Just because you are some software vendors' bitch, it does not mean that other systems not running it are not professional.

When you have your dumb Windows-based utilities, use Windows. What problem do you have with it? I also use Windows XP (32 bit) in Virtualbox, because I need some crappy old software bundled to an old USB hardware, that is all not supported anymore, but my main system is still FreeBSD/amd64.

Comment Re:The basic problem that linux and the BSDs have (Score 1) 393

Find me something that competes with the features and enterprise support of Exchange, Office, Lync, Sharepoint, Outlook ... that runs on Linux.

Unfortunately, I don't know any of these utilties except "Office" which is easily replaced by LibreOffice. The fact that I don't know them lies in the nature that don't solve anything of value for me. Maybe I am working differently from others. Instead of telling me product names, tell me what you do (I also don't want to know what you do with the products; it is wrong to describe your problems by providing me wrong approaches for solutions). There are plenty of solutions that can be used and you can also develop some for yourself for your special purpose.

What I need more is a reasonable terminal application, Xmonad as a desktop (UTF-8 support), easy integration of gnupg into a mailclient, I need ssh, tmux, text-based vim, a text-based IRC client, a full compiler suite which is ready-to-use. I also need inspection tools for all my system components. And I need a reasonable way to manage time (UTC), so when I travel around the world, I just setup the timezone and not the time itself.

And now tell me, I should install CygWin, because I don't know this poorly emulated Windows crapability layer.

Comment Re:Unlikely (Score 1) 393

Take a look at FreeBSD Gnome, for example. I am sure that their patches to make Gnome portable again flow back upstream.

When someone develops an desktop environment that does not restrict users to Linux, you should expect from them to make the system portable. The work to make it run should be minimal.

Wayland is being ported to FreeBSD, too. It is a bit useless though, because of Linuxisms in libinput and Weston.

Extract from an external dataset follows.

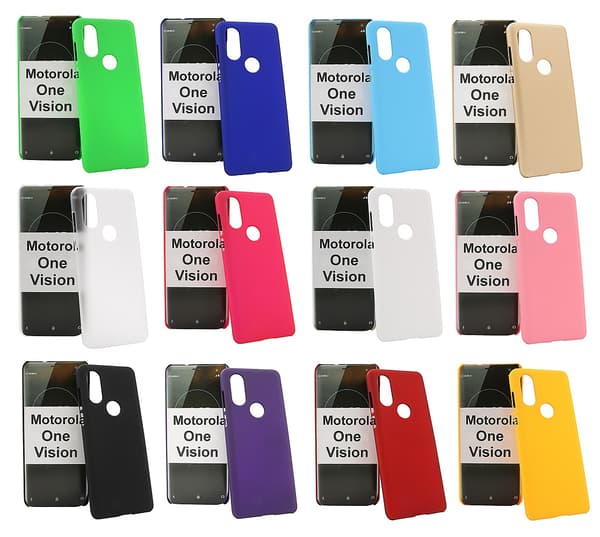 Hardcase Motorola One Vision Hotpink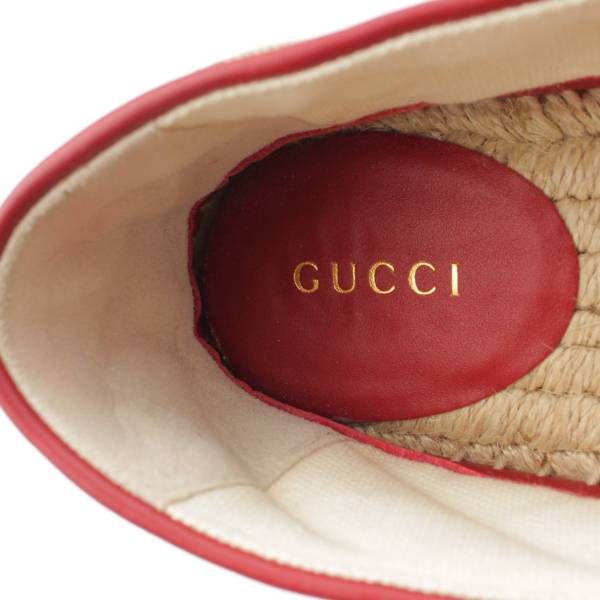 グッチ Gucci GGキルティング キャンバス エスパドリーユ シューズ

OpenSSH is portable. This is the difference between Linux and BSD developers. BSD developers stick to the Unix concepts and portability has a high value here. Linux developers invent (mostly already existing) solutions by themselves, multiple times, multiple times in a wrong way and mostly for themselves, because... most Unices/BSDs already have the solutions for the problems and why should they accept something that has to be ported with a lot of effort? It is only being done with things that are worth to port.